The quotation above comes from a new book called King of Spies: The Dark Reign of America’s Spy Master in Korea. In this book, Harden tells the story of Donald Nichols, an uneducated, self-indulgent, obese American who never attended college or high school, but who at a young age ruled over his own personal branch of the U.S. war effort in Korea, while following few rules, committing countless atrocities, yet being tolerated by the top officials in the U.S. government for the value they perceived in his work. Reading this account, one comes to an appreciation of how U.S. society really has advanced in the past 60 years. Nowadays, such a man as Nichols would not be kept in such a position. Nowadays he’d be elected president.

Nichols was given license to kill, spy, cheat, steal. He sent countless Koreans to their deaths in hopeless or near-hopeless spy missions into the North. Harden describes such people as “disposable” to Nichols, who said his bosses “wanted the answers. And in some cases didn’t want to be told how I got them. They knew it meant lives, sometimes many.” Nichols also freely murdered anyone he concluded was a double agent.

Nichols’ career skyrocketed when he formed a tight friendship with Syngman Rhee, the U.S.-based U.S. puppet flown in by the U.S. to rule South Korea in the name of “democracy.” Prior to and during the war, Nichols attended mass-executions of suspected Communists ordered by Rhee. Rhee held a bachelor’s degree from George Washington University, a master’s from Harvard (“Chelsea-Manning-Free-Zone”) University, and a doctorate in international law from Princeton (which must be very proud).

Rhee’s government killed tens of thousands of South Koreans before its war with North Korea officially began.
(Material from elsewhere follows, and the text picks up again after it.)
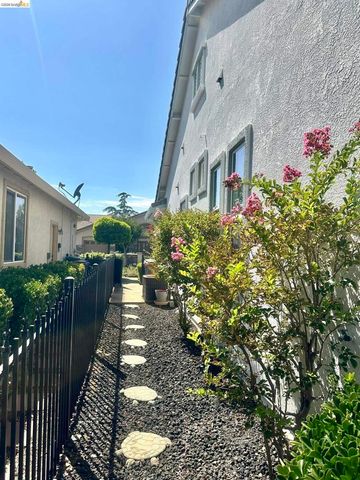 1116 Burghley Ln, Brentwood, CA 94513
Nichols helped out with a truckload of rifles.

Glossed over in Harden’s telling is that Rhee also helped to begin the war with the North by sending forces on raids across the border and seeking to provoke the other side. In Harden’s telling, Nichols accurately predicted Northern aggression, while the rest of the U.S. military failed to see it or chose not to see it coming. It’s worth adding, perhaps, that the information Nichols was passing along to the U.S. was coming in significant part from Rhee, who was not simply observing. His ability to predict the war surely came in some part from the fact that he was trying to start it. While the North’s major invasion of the South is understood as the big initial phase of the war, which side actually kicked the thing off is far from clear.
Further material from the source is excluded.